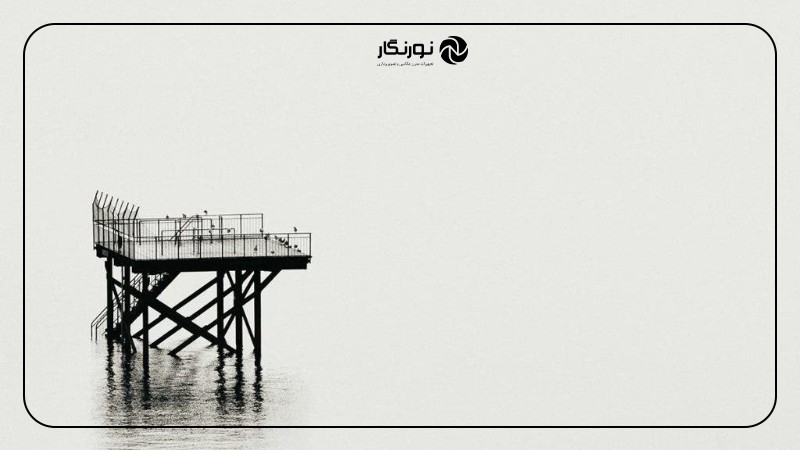 مفهوم فضای منفی در عکاسی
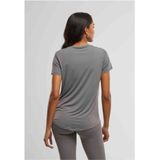 Urban Classics - Sports T-shirt - Korte Mouwen - Zwart - Katoen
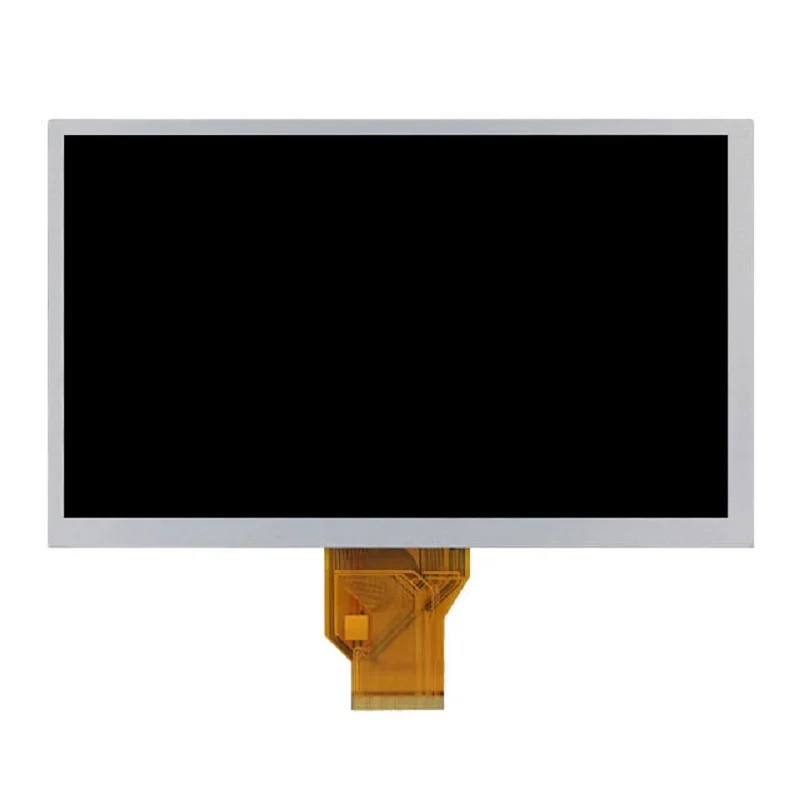 AT080TN64 8 Inch IPS LCD Panel Replacements With TTL Interface 800*480 Resolution LCD Screen Display Panel embedded resistive lcd touch screen 7 0 inch hmi with uart serial interface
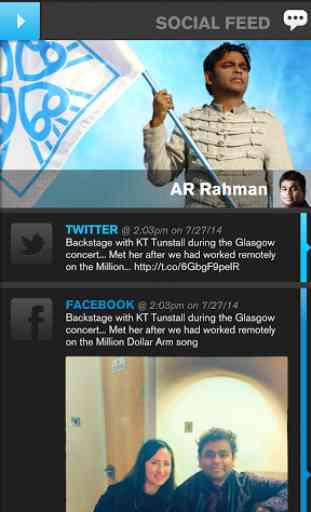 A R Rahman Official 2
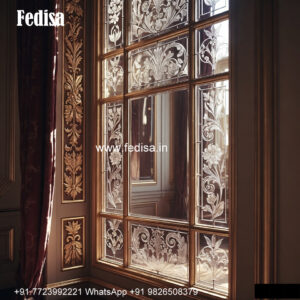 Classic Window Design Vintage Window Style No-3903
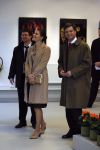 Lisse 21 maart 2007
Prinses Victoria van zweden en Peter Jan balkenende bij de keukenhof in Lisse.
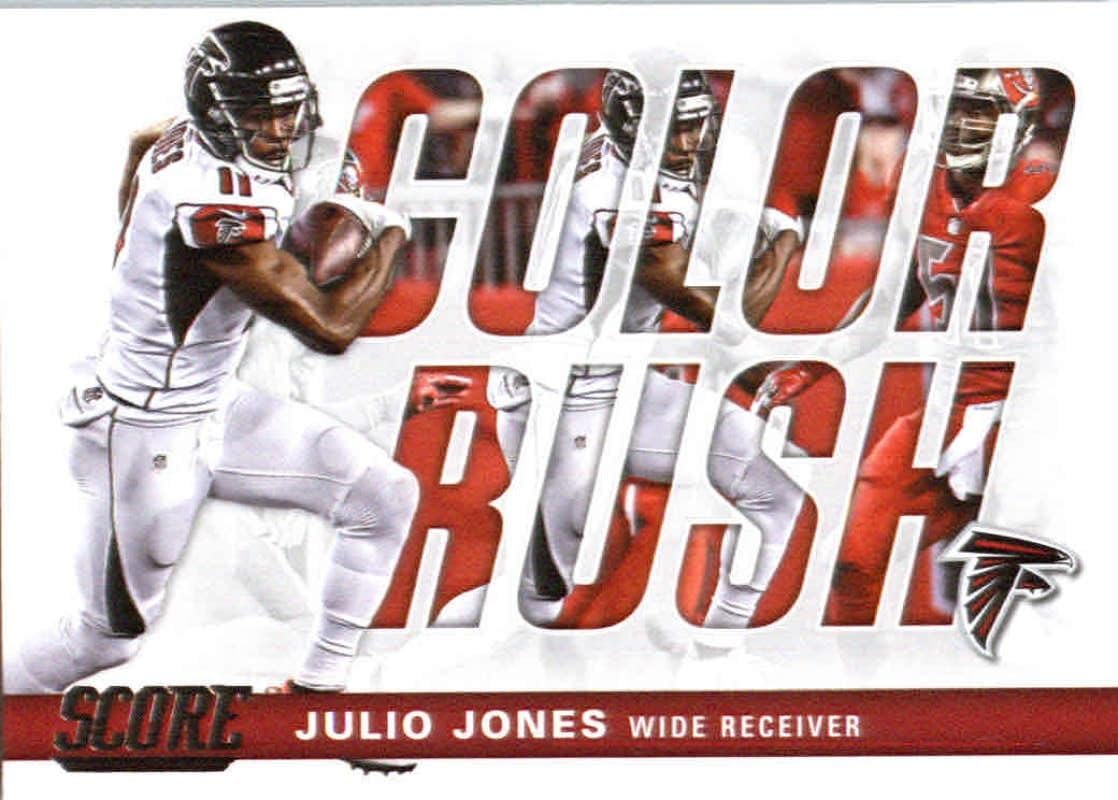 julio jones color rush jersey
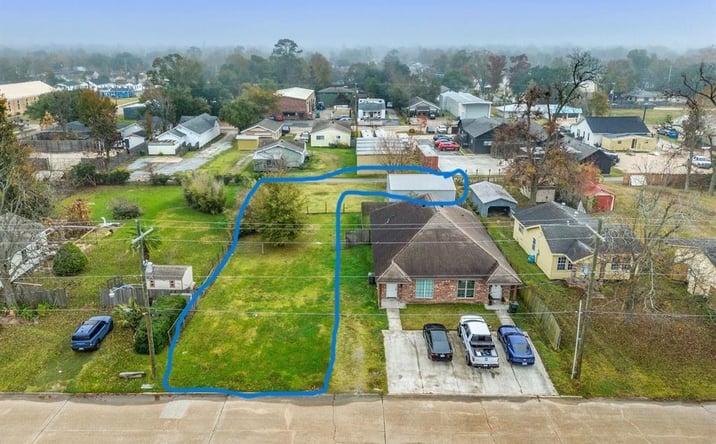 Pictures of Industrial, Land property located at 2710 Doolan Lane, Lake Charles, LA 70601 for lease - image #1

_____

Only exact repeats of the lines from the one containing "Lisse 21 maart 2007" through the end of the listing above are wanted here; pictures are not.

*Your solution*.
 Lisse 21 maart 2007
Prinses Victoria van zweden en Peter Jan balkenende bij de keukenhof in Lisse.
 julio jones color rush jersey
 Pictures of Industrial, Land property located at 2710 Doolan Lane, Lake Charles, LA 70601 for lease - image #1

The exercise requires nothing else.